Reverend Thomas Allen (January 17, 1743 in Northampton, Massachusetts – April 18, 1810 in Pittsfield, Massachusetts), known as The Fighting Parson, was "chaplain to three Berkshire Regiments during the Revolution and was at Ticonderoga and at the Battle of Bennington where he led a group of soldiers from Pittsfield" described as "a political liberal and a religious conservative."

==Biography==
Allen graduated from Harvard College in 1762 and then studied theology under Reverend John Hooker. On April 18, 1764, he was ordained the first pastor of the First Congregational Church of Pittsfield, Massachusetts. Still in existence today, he served as pastor for 46 years. His grandson, also named Thomas Allen, was a Congressman from Missouri.

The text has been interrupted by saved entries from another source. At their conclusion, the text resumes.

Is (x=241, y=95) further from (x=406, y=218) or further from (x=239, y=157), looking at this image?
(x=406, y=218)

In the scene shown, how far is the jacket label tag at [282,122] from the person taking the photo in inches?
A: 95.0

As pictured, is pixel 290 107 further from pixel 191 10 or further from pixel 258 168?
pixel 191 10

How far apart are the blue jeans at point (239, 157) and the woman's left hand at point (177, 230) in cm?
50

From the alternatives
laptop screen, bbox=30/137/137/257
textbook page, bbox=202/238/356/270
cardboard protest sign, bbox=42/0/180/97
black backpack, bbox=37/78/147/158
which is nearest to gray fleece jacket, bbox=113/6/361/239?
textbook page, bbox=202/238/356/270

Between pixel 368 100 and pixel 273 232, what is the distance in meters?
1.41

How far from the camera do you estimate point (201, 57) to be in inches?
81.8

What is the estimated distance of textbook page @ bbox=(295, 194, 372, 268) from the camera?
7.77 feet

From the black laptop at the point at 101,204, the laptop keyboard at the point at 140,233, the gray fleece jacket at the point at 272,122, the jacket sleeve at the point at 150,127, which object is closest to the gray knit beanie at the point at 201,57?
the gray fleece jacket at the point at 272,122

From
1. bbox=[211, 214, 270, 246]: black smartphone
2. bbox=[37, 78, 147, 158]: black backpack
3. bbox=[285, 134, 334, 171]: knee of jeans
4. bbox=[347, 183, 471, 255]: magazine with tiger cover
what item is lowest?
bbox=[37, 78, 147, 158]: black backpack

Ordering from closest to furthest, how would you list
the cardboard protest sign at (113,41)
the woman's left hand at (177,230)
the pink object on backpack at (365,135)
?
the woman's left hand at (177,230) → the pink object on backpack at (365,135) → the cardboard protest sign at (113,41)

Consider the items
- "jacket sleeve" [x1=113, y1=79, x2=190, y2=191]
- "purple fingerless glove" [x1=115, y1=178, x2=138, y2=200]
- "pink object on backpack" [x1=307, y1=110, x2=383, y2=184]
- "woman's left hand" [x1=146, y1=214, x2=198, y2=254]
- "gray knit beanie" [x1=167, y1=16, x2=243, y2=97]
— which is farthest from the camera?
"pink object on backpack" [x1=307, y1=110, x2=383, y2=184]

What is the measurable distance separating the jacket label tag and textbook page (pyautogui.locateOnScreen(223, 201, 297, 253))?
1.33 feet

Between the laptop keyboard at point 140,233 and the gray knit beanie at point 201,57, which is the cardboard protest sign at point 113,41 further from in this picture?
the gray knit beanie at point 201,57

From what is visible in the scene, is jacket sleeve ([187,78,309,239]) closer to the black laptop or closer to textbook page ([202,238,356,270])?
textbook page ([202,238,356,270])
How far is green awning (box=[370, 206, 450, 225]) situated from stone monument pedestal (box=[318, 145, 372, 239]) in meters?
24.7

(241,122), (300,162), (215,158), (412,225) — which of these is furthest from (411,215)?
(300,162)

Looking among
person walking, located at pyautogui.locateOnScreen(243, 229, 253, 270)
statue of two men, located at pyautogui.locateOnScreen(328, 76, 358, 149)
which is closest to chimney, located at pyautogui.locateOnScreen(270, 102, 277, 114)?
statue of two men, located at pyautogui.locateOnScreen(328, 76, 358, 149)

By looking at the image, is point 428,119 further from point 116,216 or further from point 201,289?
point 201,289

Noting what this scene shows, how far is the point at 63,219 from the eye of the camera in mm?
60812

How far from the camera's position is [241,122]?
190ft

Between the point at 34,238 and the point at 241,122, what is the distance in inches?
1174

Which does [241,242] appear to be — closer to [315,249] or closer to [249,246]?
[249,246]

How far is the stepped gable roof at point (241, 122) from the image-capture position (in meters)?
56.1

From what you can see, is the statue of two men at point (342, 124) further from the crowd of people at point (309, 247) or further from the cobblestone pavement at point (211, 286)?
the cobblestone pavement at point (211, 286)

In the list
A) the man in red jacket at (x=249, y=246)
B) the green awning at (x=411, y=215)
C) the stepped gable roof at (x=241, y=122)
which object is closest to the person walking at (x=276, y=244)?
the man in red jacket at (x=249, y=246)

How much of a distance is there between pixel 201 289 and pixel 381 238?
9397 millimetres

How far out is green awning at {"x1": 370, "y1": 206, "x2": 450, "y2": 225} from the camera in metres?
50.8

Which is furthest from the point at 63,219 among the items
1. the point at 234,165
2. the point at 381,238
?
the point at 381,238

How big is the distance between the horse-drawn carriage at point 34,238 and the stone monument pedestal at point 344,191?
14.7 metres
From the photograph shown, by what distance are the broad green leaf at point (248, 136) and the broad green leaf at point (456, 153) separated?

Allen "brought in" a relative to publish The Pittsfield Sun and contributed many editorials.

===The Fighting Parson===
Because of his 'pro-Jeffersonian speeches made at church on Sundays", Allen was charged with "treason, rebellion and sedition" but ultimately the charges were dropped.

There is more than one version of how he earned the nickname "The Fighting Parson." One involves his involvement in combat at the Battle of Bennington and the other because, under the altar of his church, he kept a musket.

==Legacy==
Harriette Merrick Plunkett published his biography, Fighting Parson Allen, in 1897.

Allen's son, William Allen, was a noted biographer and the president of Bowdoin College.